I’m going to be particularly honest here. Perhaps it’s because my finger is busted and I don’t want to spend too much time typing, perhaps it’s because it’s been too long since I last wrote here, or perhaps it’s just because I’m a little buzzed coming home from this wedding.
Two days ago we came back from our #YappieTour. We haven’t planned a domestic tour from scratch for a single project of ours since.. ever? 10 cities, 12 screenings.. overall attendance over 2000 and I’m pretty sure I took at least 1000 selfies. It was exhausting, it was eye-opening, it was something special.
First I want to say ‘Thank you’ to each person who came out to the events. Buying a ticket with your hard earned money, standing in line, listening to me talk for 45 min, and waiting in line again to have a moment with me… that’s something special. I don’t know if I deserve that attention, those emotions. You doing those things on this tour directly affects WF and our content. You have helped us recoup our budget on ‘Yappie’ and given us “data” to possibly create more content like this (maybe a Season 2). All I’m saying with this paragraph is that your tangible actions have real life affects. For those who this pertains to, “Thank you.”
The 2nd things I want to say is, I wish I could’ve spent more time with you. Bottom line is, I never started this WF or YT thing for the purpose of being famous or on a red carpet. I was destined to be a yappie but I fell through the cracks. Somehow I’ve been able to make stuff and it’s resonated with ppl, and after 10+ years, I’ve meant something to you and your life. Because of this accidental blessing, I honestly wish I could spend more than 1.5 min in a meet&greet line to hear your story and truly understand who you are and why WF was important to you. I know it may have looked like I cycled through each person swiftly, and like an automated machine started a new conversation with the next person, but I promise, in each moment, I felt you and your words, your eyes, and I wish this human life wasn’t so limited so that I could actually be friends with you. And this is just to those who I could actually meet. To everyone who was in the audience but had to leave and couldn’t wait around.. I saw you. You made the theater sell out. You made a statement. I appreciate you coming through and spending a few hours with me and the WF team.
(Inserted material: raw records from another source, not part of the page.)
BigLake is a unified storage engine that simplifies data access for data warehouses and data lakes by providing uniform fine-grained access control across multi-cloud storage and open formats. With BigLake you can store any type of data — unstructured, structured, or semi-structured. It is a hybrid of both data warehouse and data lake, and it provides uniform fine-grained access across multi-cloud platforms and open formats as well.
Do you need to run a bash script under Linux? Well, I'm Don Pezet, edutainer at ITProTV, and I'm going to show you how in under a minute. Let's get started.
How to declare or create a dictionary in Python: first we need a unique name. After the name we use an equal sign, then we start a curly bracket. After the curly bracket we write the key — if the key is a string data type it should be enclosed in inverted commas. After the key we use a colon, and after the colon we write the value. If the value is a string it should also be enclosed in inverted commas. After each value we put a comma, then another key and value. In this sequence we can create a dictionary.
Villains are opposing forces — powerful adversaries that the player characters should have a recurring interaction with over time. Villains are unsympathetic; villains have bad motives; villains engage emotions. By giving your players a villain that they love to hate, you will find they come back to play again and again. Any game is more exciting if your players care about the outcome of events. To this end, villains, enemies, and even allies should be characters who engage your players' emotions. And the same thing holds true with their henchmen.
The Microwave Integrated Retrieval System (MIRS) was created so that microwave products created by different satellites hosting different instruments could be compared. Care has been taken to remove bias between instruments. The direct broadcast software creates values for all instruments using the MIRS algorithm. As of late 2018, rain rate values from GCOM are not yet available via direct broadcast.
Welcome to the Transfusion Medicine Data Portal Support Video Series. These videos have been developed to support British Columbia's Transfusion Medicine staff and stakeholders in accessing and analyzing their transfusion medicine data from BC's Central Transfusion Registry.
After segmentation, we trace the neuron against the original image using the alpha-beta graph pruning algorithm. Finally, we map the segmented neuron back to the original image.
I hope that even though we didn’t shake hands or take a photo, you feel closer to us and like you understand me better.
Now that we have the formal Thanks out of the way, I wanna be real…
This tour was difficult for me. It came at a time when WF is going through changes. Not just in our content (Yappie is unlike anything we’ve done before), but also in our goals. As we said on tour (but not publicly yet), WF is 15 years old this year. FIFTEEN. That is a teenager who can drive. Whose body is going through changes. Whose discovering who they are. And just like this real life adolescent, WF is going through the same.
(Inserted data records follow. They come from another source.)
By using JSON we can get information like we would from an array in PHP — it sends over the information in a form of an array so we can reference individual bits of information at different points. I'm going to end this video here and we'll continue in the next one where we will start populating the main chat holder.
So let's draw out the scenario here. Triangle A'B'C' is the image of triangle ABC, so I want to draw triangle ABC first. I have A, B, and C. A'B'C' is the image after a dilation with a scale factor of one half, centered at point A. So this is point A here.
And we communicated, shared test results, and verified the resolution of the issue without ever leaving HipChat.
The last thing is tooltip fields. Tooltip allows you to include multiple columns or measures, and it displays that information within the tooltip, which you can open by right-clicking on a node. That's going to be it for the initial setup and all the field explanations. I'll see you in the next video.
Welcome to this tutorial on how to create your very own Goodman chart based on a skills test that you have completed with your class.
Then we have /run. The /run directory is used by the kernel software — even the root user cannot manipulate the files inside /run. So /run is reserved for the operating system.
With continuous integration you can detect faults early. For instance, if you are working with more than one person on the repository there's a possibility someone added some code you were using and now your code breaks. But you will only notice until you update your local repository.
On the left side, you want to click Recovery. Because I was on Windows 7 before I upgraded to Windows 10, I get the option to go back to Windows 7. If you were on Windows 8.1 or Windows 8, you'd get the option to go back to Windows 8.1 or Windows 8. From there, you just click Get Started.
I’m not gonna lie, it’s comical how we were on tour during the launch of “Crazy Rich Asians”- easily the biggest milestone for Asian Americans in mainstream media in a generation. I’m sUper proud of WF, and even I’ll admit it.. This was huge. And there’s something really humbling about seeing social media of the jade carpet premiere with Bentley’s and diamond dresses, while we’re pushing our suitcases through a pothole filled parking lot trying to get to our rental Hyundai so that we can sell our $15 tshirts. Despite what you think WF is in your heart and nostalgia… as a human, you can understand how that’ll make one question where one is. *pause* I’m ecstatic about CRA. I know that it will ultimately benefit me and change the community for the better which we can all see as a win.. But with that said, WF- I, need to adjust. I already started with Yappie, and CRA has solidified ideas I’ve been feeling for the past few years. Justin Chon’s “Gook”, “Master of None”, Ali Wong.. I think we’re at an amazing time, and I need to adjust… but that’s for a different post.
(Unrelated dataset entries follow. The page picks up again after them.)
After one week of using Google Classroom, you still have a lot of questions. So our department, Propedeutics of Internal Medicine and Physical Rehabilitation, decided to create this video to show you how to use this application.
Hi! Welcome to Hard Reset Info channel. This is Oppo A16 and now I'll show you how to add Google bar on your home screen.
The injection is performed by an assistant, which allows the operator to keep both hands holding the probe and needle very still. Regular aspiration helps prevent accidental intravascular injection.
In the immediate meantime, you have been there for me. For real, despite however I was feeling about CRA.. as soon as we got to the venues, saw the lines, saw YOU… all my troubles went away. Hearing your stories about how WF’s touched your life, discussing important issues that Yappie sparked in you, recording messages to friends who were in hospitals, it reminded me that I never did this for anything material. I did this to be creative, to have fun, and somehow the universe connected us. It allowed us to have something special, during a time when there were no crazy rich asians yet.
For 10+ years we’ve been packing rental cars and making our way to different cities and venues. I don’t think this will be changing any time soon. It might morph into something different, but just know that this last Yappie Tour was really special to me. I’m not really sure when we’ll be able to do this again (hopefully sooner than later), but for now, I really treasure it. It’ll be one of those things I’ll look back on in a few years and be nostalgic about. Thanks for being a part of that. I hope that’s how you see it from your side too.
Thank you to the WF team: Taylor, Jen, Chris, Eric, Wes, Benson, Jessica for working hard to make this happen. The early mornings and uncomfortable airplane seats will be something we look back fondly on someday soon. ..ok maybe not the airplane seats.